The Persistence of Modernism

The Persistence of Modernism May 6, 2016

In a contribution to a forthcoming collection of essays on Time, David James explores the usefulness of periodization categories like “modern” and “postmodern.” To be sure, some believe that modernism and modernity are passe: “’Many emerging artists,’ reflects Terry Smith, ‘sense that Modernism—no matter how often and subtly it is Remodernized—is past its use-by date.’ This new generation, he continues, moreover ‘regard[s] ‘Postmodern’ as an outmoded term, a temporary placeholder that is no longer adequate to describe conditions that, they believe, have changed fundamentally.”

So “the postmodern no longer gets an epistemic free ride,” and this means that the continuities of modern and postmodern are opened up to scrutiny: “Of all the iconic thinkers of late-twentieth-century society and the postmodern ‘condition,’ Fredric Jameson offered a decade ago significant qualifications to the global paradigm he did so much to engineer as a cultural barometer of time. For Jameson, ‘what is often called postmodernism or postmodernity will simply document yet a further internal break and the production of yet another, even later, still essentially modernist moment.’”

Postmodernism has, after all, often behaved as imperialistically as modernism: “When it comes to the postwar arts, though, the problem is not only postmodernism’s inadvertent affiliation with an era defined by modernist aspirations, but also its association with a limited set of cultural centers. Without due interrogation, postmodern time becomes synonymous with Western time; yet the danger with simply exporting the postmodern, as a condition either for cultural change or for artistic potentiality since 1950, is that it turns into a homogenizing—thereby atemporal—ascription. As Brian McHale observes, reflecting on his own foundational work on postmodern literary history, the ‘unexamined assumption that postmodernist fiction was really one and the same thing everywhere, even when it emerged far from its Euro-American ‘homeland,’ seems indefensible today.’”
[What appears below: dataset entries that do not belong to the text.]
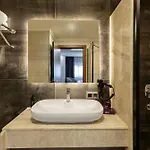 Hotel Lilium & 4*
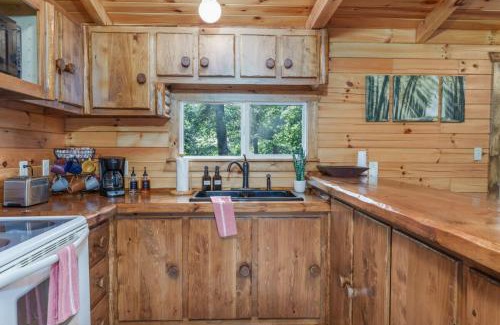 Logan House | Copperhead Cabin- Hocking Hills Hot Tub Games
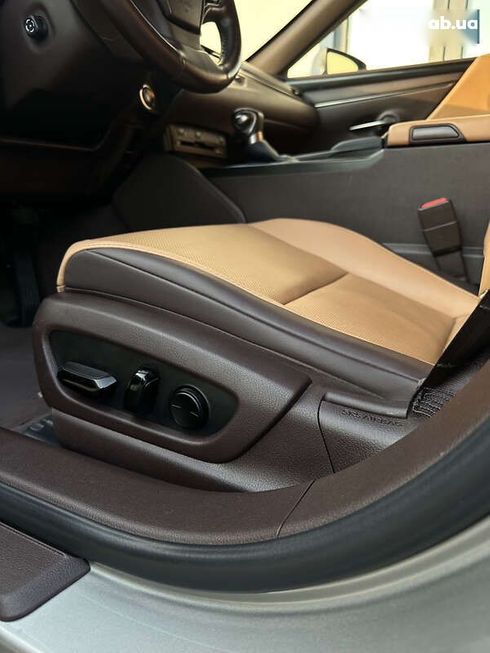 Lexus ES 2021 - фото 24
Some theorists have opted for a notion of “altermodernism,” but according to Terry Smith, it’s “’is not entirely clear’ whether or not ‘the spirit identified’ in altermodernism ‘is a new kind of Modernism, a reversion to the Modernism first defined by Charles Baudelaire in Paris in the 1850s, or indeed whether it is Modernist at all.’” Art critic Nicolas Bourriaud “reassures us that in our postmillennial era, ‘it is possible to reclaim the concept of modernity without for an instant feeling that it’s a throwback.’”

If James is to be believed, reports of modernity’s demise appear to be exaggerated.